一时间晋阳王心里百转千回, 千回百转,想来想去谁娶她们家丫头都是不行。
“爹爹只是这么一说,不急于一时的, 这小公主才嫁,即便是和亲也得隔个一年半载的。”晋阳王转言道。
“没事。”宋默好不容易打定了主意, 若是今日不说出来, 怕日后真没了再说出来的勇气。
“丫头, 有件事爹爹得跟你说清楚了, 若是一般的孩子, 爹爹是瞧不上的, 至少也得比李训言强。”晋阳王拖着就是不想让宋默说出来。

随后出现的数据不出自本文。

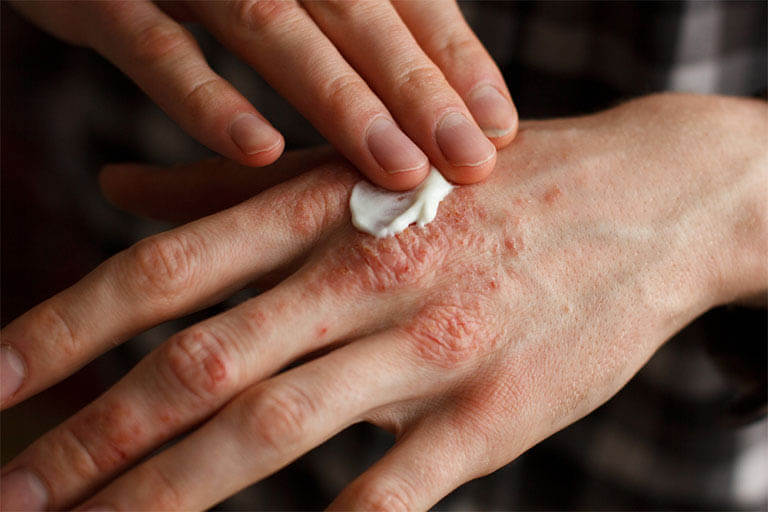 Bệnh viêm da tiếp xúc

他转念一想又想到了什么, 补了一句道:“你可别说就是李训言。”
“不是他。”宋默看着他爹爹这般不想听又极力掩饰的样子很是可爱。
但是一想到自己说出来可能要吓死爹爹, 又紧张的不得了。
“那是谁?”晋阳王见他们家丫头面色含春,唇角弯弯, 一副娇羞的女儿态。
一定是在想她的心上人!
“这个人。”宋默抬起头看了一眼晋阳王又迅速低下, 再次开口的声音宛若蚊蝇低不可闻:“是爹爹。”
“啊……是谁?”宋默的声音太小, 而晋阳王一时间东猜西猜未聚精会神到自己身上, 不曾听的真切,便问道。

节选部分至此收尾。